Author: Jinali Shah
On February 14, 1969, the first Congress was held at McGill University. On January 2, 2017, I attended my first conference in London, Ontario, hosted by the University of Western Ontario. This was my first engineering conference at the national level, and it turned out to be one of the most valuable opportunities I have ever received.
The CFES conference initially felt similar to a first year’s orientation week experience, filled with like-minded individuals eager to absorb the excitement around them and bring forth fresh ideas. The theme for this year was, “The Entrepreneurial Engineer”, but the theme of inclusivity resonated more with the delegates. Whether a delegate was a seasoned conference-goer or a first-timer like me, made no difference, as everyone shared stories and policies regarding their school’s engineering society and networked to their heart’s content. The Congress environment was like an open system, with ideas, suggestions and excited chatter floating around in the air, and then being diligently recorded in notebooks or Word documents.

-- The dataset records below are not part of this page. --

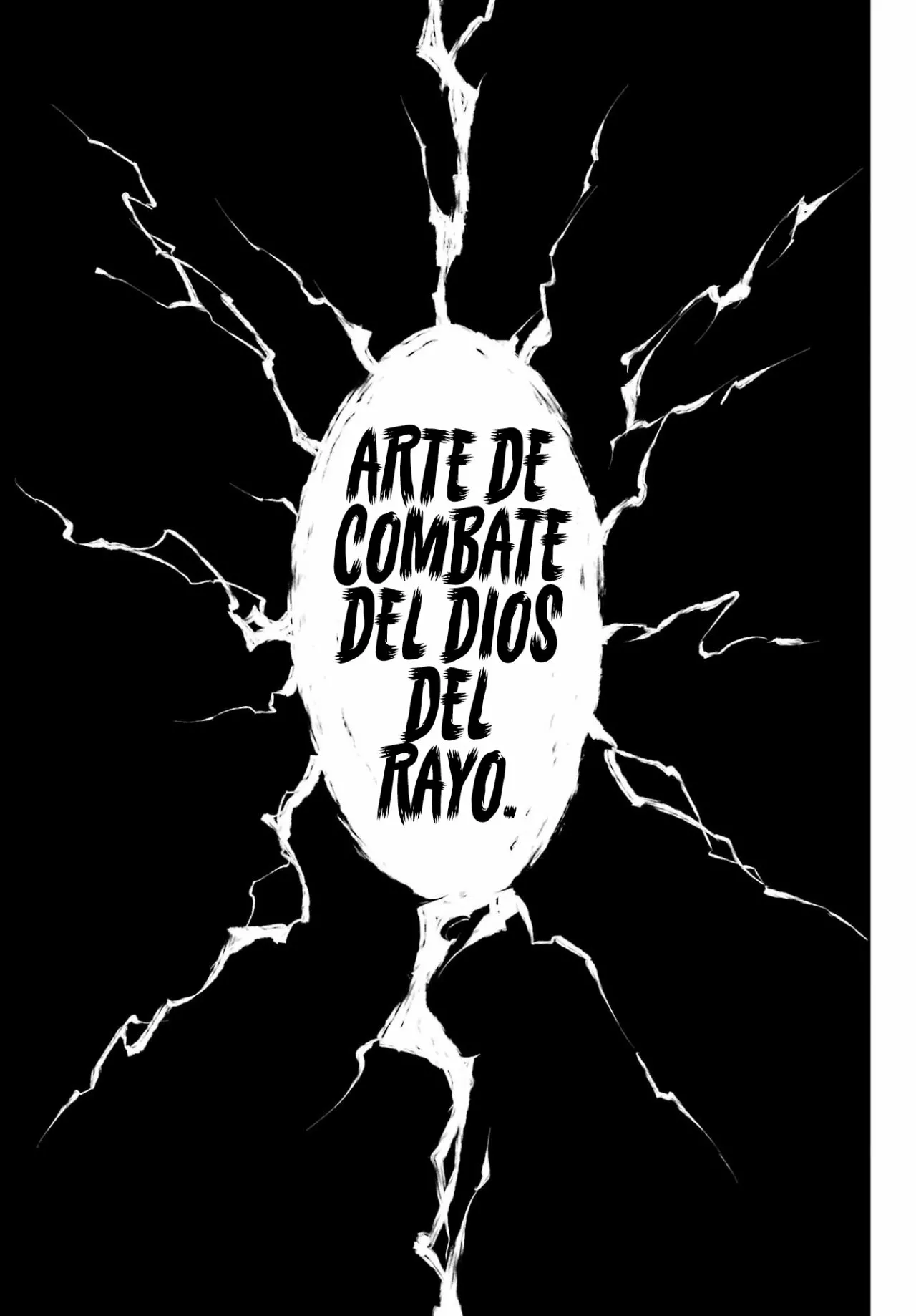 Ragna Crimson Capítulo 53 - Page 17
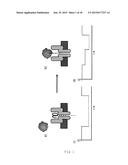 APTAMER METHOD diagram and image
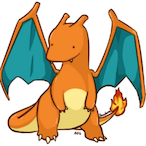 Toastyy.-'s Avatar'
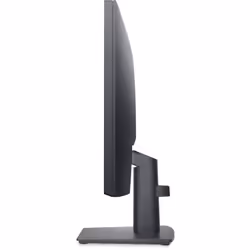 DELL E Series E2225H 21.4" Full HD LCD Nero - Vista aggiuntiva 6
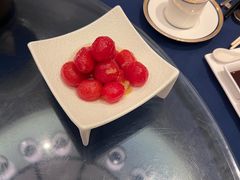 -美心·翠园(港汇恒隆广场店)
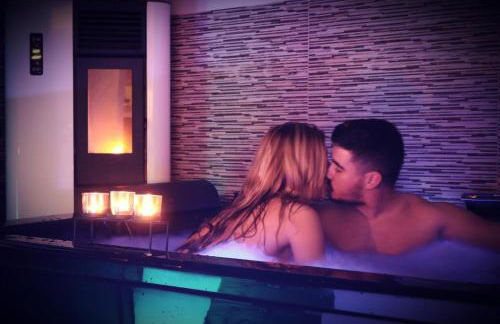 Suite del Amore - Foto 1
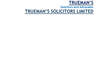 UK00004382182 Image for mark UK00004382182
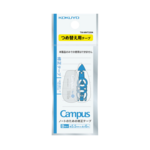 KOKUYO KOKUYO Campus Correction Tape Refill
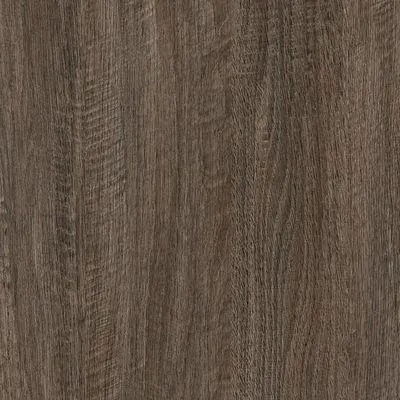 Ламинат AGT Natura Large Палермо PRK304, Фото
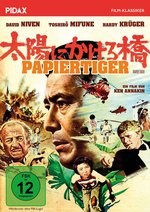 Film: Papiertiger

Although most programmed activities were open to all delegates, for learning sessions, delegates were split into four separate streams. I was placed in the Leadership Stream, which had sessions revolving around concepts including event and meeting arrangement and management, leadership skills development and networking. While all the presentations were useful, one specific presentation stood out to me. Esther Te Linde led a session on Leadership Inclusivity, which touched on the concept of diversity awareness and the creation of a Safe Space. In a few words, awareness means to have increased empathy and respect for people with different backgrounds and perspectives than you. It means using caution and consideration when addressing controversial topics, and being open and non-judgemental when hearing out the suggestions of others. Often times, when planning events or discussing the future direction of a council or engineering society, people get very passionate, and that can get disrespectful and ugly. To ensure that a positive environment is kept intact, a Safe Space is formally created. It is defined as a forum for individuals to express themselves without fear. This benefits of this forum are not reserved to just council meetings, but rather the university environment in general. This model is currently present at a number of universities across Canada, one of which is Carleton University. They report great success regarding the implementation of a Safe Space, which is currently present not only within their EngSoc, but has spread to other parts of the university as well. Formal administration of a Safe Space in an engineering society does not require a great deal of resources, simply some awareness posters and education presentations, clear indication of Safe Space areas, and regular updates on practices. It would also be beneficial to outline consequences for failure to abide by Safe Space rules. Overall, the benefits of this forum undoubtedly outweigh the start-up costs.
The concept of a Safe Space is certainly one I would like to bring back for my university, but the overall conference experience is definitely one that I am bringing back for myself. The lessons learned, the ideas shared, the friends made, and the networking connections formed, are all positive takeaways of the annual CFES Congress. They will lead to better shaped engineering students, and better led engineering societies all across Canada.